ART: Painting and the Ethiopian Culture

AWiB is shedding light on ART and its culture in Ethiopia this month, focusing on painting.  Art is a highly diverse range of human activities engaged in creating visual, auditory, or performed artefacts— artworks—that express the author’s imaginative or technical skill and are intended to be appreciated for their beauty or emotional power.

Visual arts, which include images or objects in fields like painting, sculpture, printmaking, photography, and other visual media, are the oldest documented forms of art.  Painting is one of the oldest art forms.  When societies began crafting tools and making fire, they were also learning to represent the world in pictures.  These pictures were recorded in cave paintings that still exist.  The art of painting evolved over time, through the hieroglyphics of ancient civilizations to the classical and Renaissance paintings that hang in the Louvre today.  The art of painting has taken some radical turns, with modern forms of painting including colour field and action painting.

AWiB has done research and interviewed some of the sophisticated and knowledgeable artists in Ethiopia, going over the background, culture and how far art has come through the years.

Ancient Ethiopian Paintings

Christian Ethiopian paintings flourished for over 1,000 years in the churches and monasteries of highland Axum through to Abyssinia and modern day Ethiopia. The advent of Ethiopian paintings is believed to have begun during the time Christianity first made its presence felt within the Axum Empire in the 4th century AD.  Ethiopia is a country with ancient Christian roots. It possesses a vigorous artistic tradition and is home to hundreds of old churches and monasteries perched at the top of mountains that are hard to access, hidden by lush vegetation, or surrounded by the tranquil waters of one of its lakes.

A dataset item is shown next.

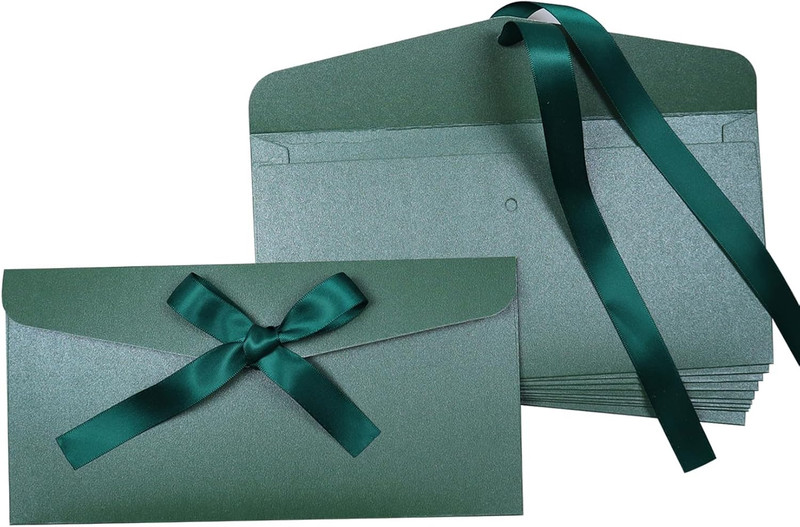 10 Pieces Ribbon Bow Kraft Paper Envelopes, Thick Pearlescent Color Envelope for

The Ethiopian Garima Gospels from the 4th to 6th centuries AD contain illuminated manuscripts that predate the oldest known church paintings, which were found in the 11th century AD church of Debre Selam Mikael in the area of the Axum civilization or today’s Tigray region.

Ethiopian paintings in manuscripts, on walls, and on icons are very unique but also have a touch of influence from the simplified Coptic versions of the Byzantine and Late Antique Christian arts.  The simplistic style belies a vivid portrayal of the subject that is mostly religious in nature.  Cartoonish figures with large oval-shaped eyes and bright colours are characteristics of paintings from this time period.

By the 16th century, the Roman Catholic Church and its art seem to have influenced Ethiopian paintings.  Despite the influence, the art has managed to stay conservative and retain the majority of its unique styles.  Before the 19th century, churches were fully painted, but non-religious scenes or characters not included.  Soon, church donors and their lives began to be depicted in the paintings.

20th Century Ethiopian Paintings

The beginning of the 20th century brought forth a new kind of artistic representation.  The forerunners for this new art were the church-trained dissident painters and other self-taught artists who received some commission for their work.  These artists, along with those who got their art education in Ethiopia and Europe in the 1920s and 1930s, brought about a new practice in the visual arts culture in modern Ethiopia.

By the 1940s, this new class of painters were being hired by the government and recognized as professionals.  And by the 1950s, the number of painters—those coming from abroad with a new artistic style—grew steadily.  The graduates of the Addis Ababa Fine Art School followed this in the 1960s, focusing on the three main artistic trends—nationalism, spirituality and expressionism—that coexisted until the overthrow of the emperor in 1974.

In 1977, when the country mobilized its professionals for a new cause, the newly amended Ethiopian Artists Association organized a show at the Addis Ababa City Hall Gallery. It was intended to be the annual exhibition of the Ethiopian Artists Association.  It was also to show the solidarity of Ethiopian artists with the “Ethiopia First” slogan of the Derg.  There was no indication at the show of a new style or artistic expression per se.  The paintings and sculptures displayed portrayed basically the same subject matter as before, and were produced by the same artists.  The works concentrated more on the famine, the revolution and rural life in a simplistic narrative manner.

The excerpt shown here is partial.